Como dito acima, é um livro com caráter introdutório – e não um tratado. É livro, com limites editoriais, para iniciar uma jornada e preparar o leitor para as muitas estradas que se abrem, e para os muitos caminhos que se oferecem aos estudiosos das Ciências Jurídicas e Socias e áreas afins.
A minha satisfação e alegria consistem em colaborar com as sinalizações e orientações introdutórias para a formação jurídica contemporânea humanística, apontando especialmente para a alma de todo o Direito que é a humanidade, a pessoa humana, nacional ou migrante, na plenitude da sua dignidade, pessoa que não existe para o Direito, mas para quem o Direito existe, evolui e se humaniza.

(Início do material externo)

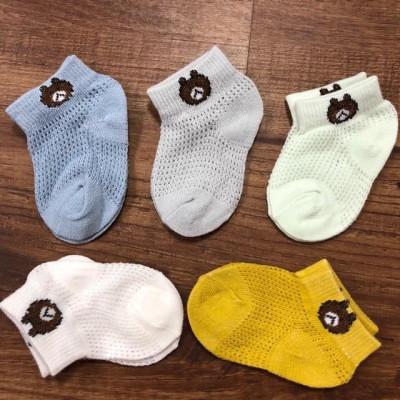1 đôi tất lưới thông hơi hình gấu cho bé size S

Enfim, o que se espera nesta senda é avançar no sistema de Direito Civil e, muito além dos Institutos civilísticos, chegar aos fundamentos civilizatórios, como parece evidente se considerarmos a história jurídica brasil(eira), sobretudo, no campo do direito civil com as dificuldades em se tratar do tema por conta de usos e abusos de toda sorte ao longo do século XIX.
Foi muito difícil, após a Independência política do Brasil, chegar a um Código Civil (quase cem anos depois, em 1916) e, há 20 anos, às pressas, desengavetar e aprovar o antigo texto do presente CC/02.
Portanto, não deve (ou não deveria) ser difícil, atualmente, buscar e estabelecer parâmetros constitucionais, humanistas e civilizatórios para o Direito Civil, mantendo, contudo, sua dignidade histórica e sistêmica. É o caminho irresistível do devir e da perfectibilidade das relações humanas civilísticas, digo, civilizatórias.